Obviously ‘what it isn’t’ only gets us so far – as for what it is; I’m thinking The Piper At The Gates Of Dawn as a starting point, with lashings of grimy ‘90s or ‘00s Dandy Warhols-esque grunge-pop and bombast layered on top. And although I’m characterising this album as generally pop-oriented, there’s enough darkness and gloomy flavours (that sometimes feel a little like goth rock, and occasionally even the earliest proto-punk ala The Sonics) to keep it interesting.
a rich and syrupy slab of psych-rock-pop…
The album begins with short and suitably lysergic intro tune Enter The Woods, before kicking into the insistent groove and faintly middle-eastern feel of Trail To Find. It disappears in a shimmering haze, to be replaced by Front Row Future, a raucous and thumping tune that Iggy would be proud to call his own.
From here the band continue to explore different territories. They’re in somewhat upbeat territory with Paint The Sky, and positively summery with Keep All The Sunshine, a tune that feels like it should have been a big mainstream hit in 1997. In tunes like Take The Fall or Stranger, they deliver darker Eskimo Joe or Placebo pop-rock flavours, dense and catchy. Shadow Man is melancholy, and Never Far From Where We Are is positively languid, even George Harrison-esque. (Is that a magpie I hear in the background, or is it a butcher bird?) The album is nicely bookended by the swirling, dreamy textures of Pass Like A Parade. I can’t pick many lyrics, but it seems conceptually fitting too.

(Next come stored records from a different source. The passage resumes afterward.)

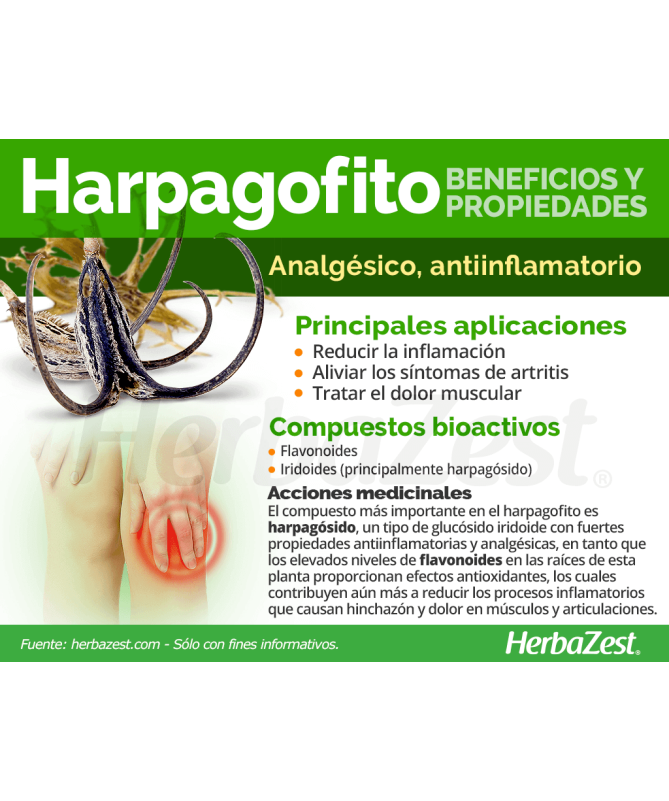 HARPAGOFITO 30CAP ELEMENTALES – foto del producto harpagofito raíz 30cap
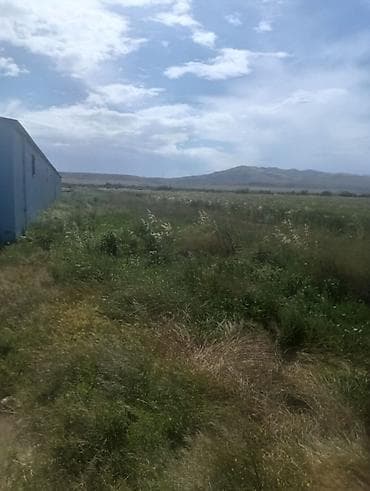 Гаражи: Xızı rayonu, Bakı–Quba yolu, Yaşma qəsəbəsi — ferma və əkinçilik üçün — 9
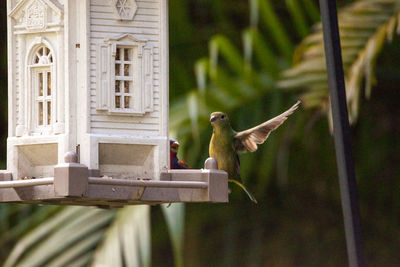 Female painted bunting passerina ciris bird on a bird feeder in naples, florida.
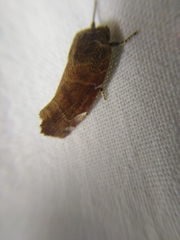 Cosmia affinis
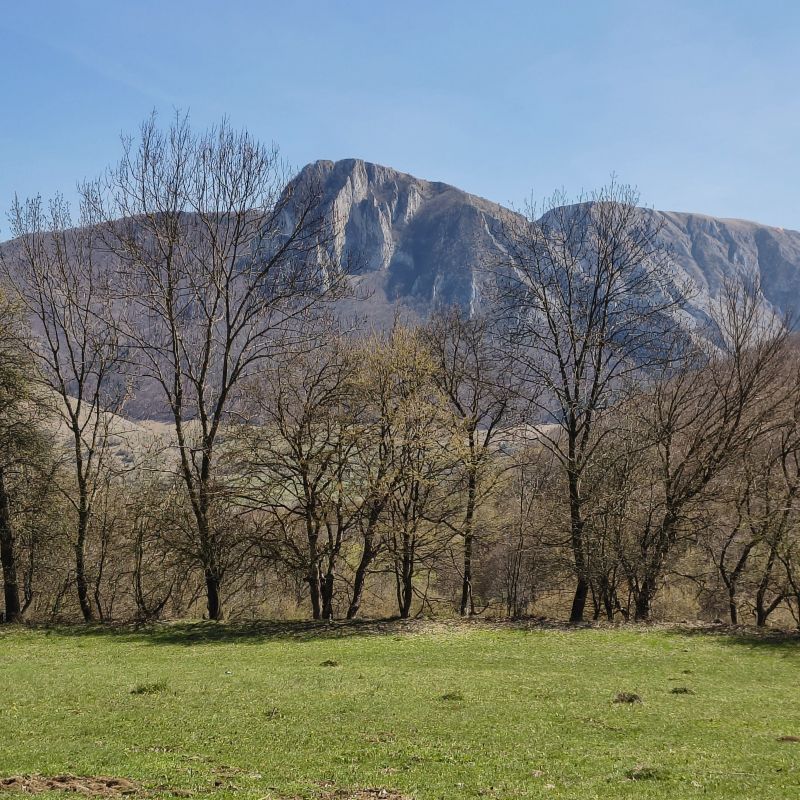 crop-locuri-05-trascau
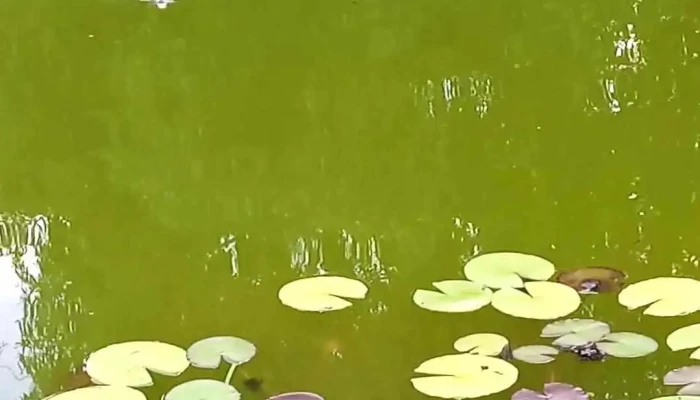 Magic Garden -  Videoclipuri - Dărmănești
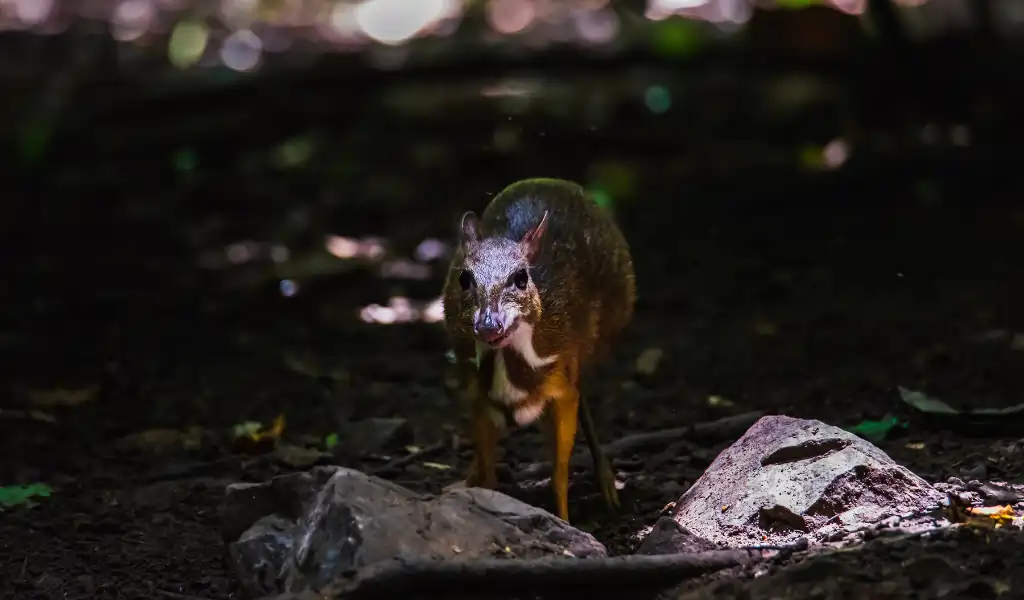 The mouse deer or Chevrotain is smallest deer The mouse deer or Chevrotain is smallest deer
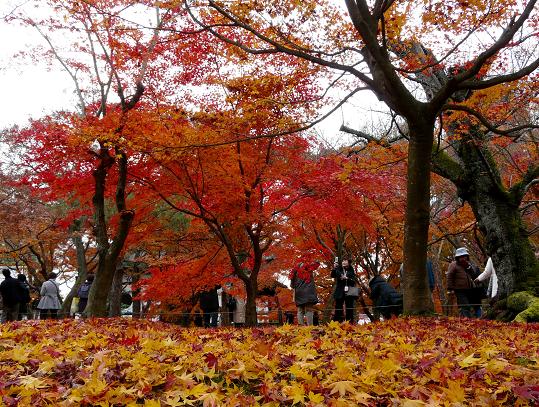 東福寺　観光客で賑わう庭園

This is good stuff – there’s tough, driving rhythms, shimmering, hazy textures, and plenty of pop hooks, with a bit of grunt. The lead vocals vary from moaning to howling and are often deftly balanced with sweet harmony vocals. You could listen to this as the background to your mundane activities, or you could equally crank up the volume and immerse yourself in a rich and syrupy slab of psych-rock-pop.